Finalement, le tribunal a reconnu que la méthode d'analyse de Chainalysis présentait une fiabilité scientifique suffisante pour être utilisée comme preuve judiciaire.
Cependant, cette affaire a également révélé un problème sectoriel : si différents analystes adoptent des normes différentes, les futurs cas similaires pourraient faire face à davantage de contestations. Ainsi, établir un cadre unifié d'expression des données et de preuve est devenu un contexte important pour la promotion de l'Ontologie par Chainalysis.
L'analyse blockchain ne peut identifier directement une identité réelle
Il est à noter que Chainalysis souligne particulièrement un point dans cette proposition : l'analyse on-chain ne peut pas directement identifier une personne dans le monde réel.
Les données on-chain ne peuvent révéler que les relations entre adresses et les chemins de flux de fonds. Quant au contrôleur réel derrière une adresse, cela dépend généralement de preuves off-chain, telles que les informations KYC des plateformes d'échange, les données obtenues par décision de justice, les journaux de serveur obtenus par les autorités, etc.
Cela signifie que l'analyse blockchain fournit une inférence de données de haute qualité, et non une preuve ultime établissant directement l'identité. Une chaîne de preuves judiciaire complète nécessite la combinaison des données on-chain et de l'enquête off-chain.
De la qualité des données vers une norme sectorielle
Au-delà de l'Ontologie elle-même, le cadre global proposé développe systématiquement des aspects liés à la qualité des données, à la transparence de l'analyse et à l'admissibilité judiciaire.
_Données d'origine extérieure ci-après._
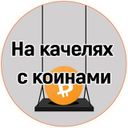 Аватарка канала @coingoing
On voit que Chainalysis souhaite inciter le secteur à se concentrer non seulement sur les résultats d'analyse, mais aussi sur la capacité du processus d'analyse à être expliqué, vérifié et reproduit.
Cela montre également que l'avenir de la concurrence sectorielle pourrait ne plus se jouer seulement sur « qui couvre plus d'adresses » ou « qui identifie plus d'étiquettes », mais sur « qui a la meilleure qualité de données », « qui analyse de manière plus transparente » et « dont les preuves sont plus facilement acceptées par les tribunaux ».
Pour les régulateurs, les services répressifs et les grandes institutions financières, un système capable d'expliquer la logique d'analyse, de supporter un audit indépendant et de permettre une vérification reproductible est évidemment plus digne de confiance qu'un « modèle boîte noire » ne fournissant que des résultats.
Que signifie cette proposition ?
D'un point de vue plus large, ce que Chainalysis publie cette fois n'est pas une simple mise à jour logicielle, mais ressemble davantage à une tentative de faire évoluer le secteur de l'analyse blockchain d'une approche « guidée par l'expérience » vers une approche « guidée par des normes ».
Si cette Ontologie est finalement largement adoptée par le secteur, différents analystes, plateformes d'échange, organismes de régulation et même autorités judiciaires pourront partager des résultats d'analyse dans un modèle de données unifié, réduisant les coûts de communication, améliorant la cohérence des preuves et fournissant une base plus fiable pour l'application transfrontalière de la loi, les enquêtes de lutte contre le blanchiment d'argent et la régulation des actifs numériques.
Bien sûr, l'établissement de normes n'est pas instantané. Trouver un équilibre entre secret commercial et transparence, inciter différentes institutions à adopter des normes uniformes, et perfectionner continuellement le modèle de preuve nécessiteront une exploration collective du secteur.
Mais une chose est sûre : à mesure que les actifs numériques s'intègrent progressivement au système financier mondial, l'enjeu de la concurrence dans l'analyse blockchain évolue. À l'avenir, ce qui déterminera vraiment la valeur du secteur ne sera pas seulement la précision des algorithmes, mais aussi l'explicabilité du processus d'analyse, la qualité des données et la crédibilité des preuves. Et c'est précisément la nouvelle orientation que Chainalysis espère ouvrir avec sa Blockchain Tracing Ontology.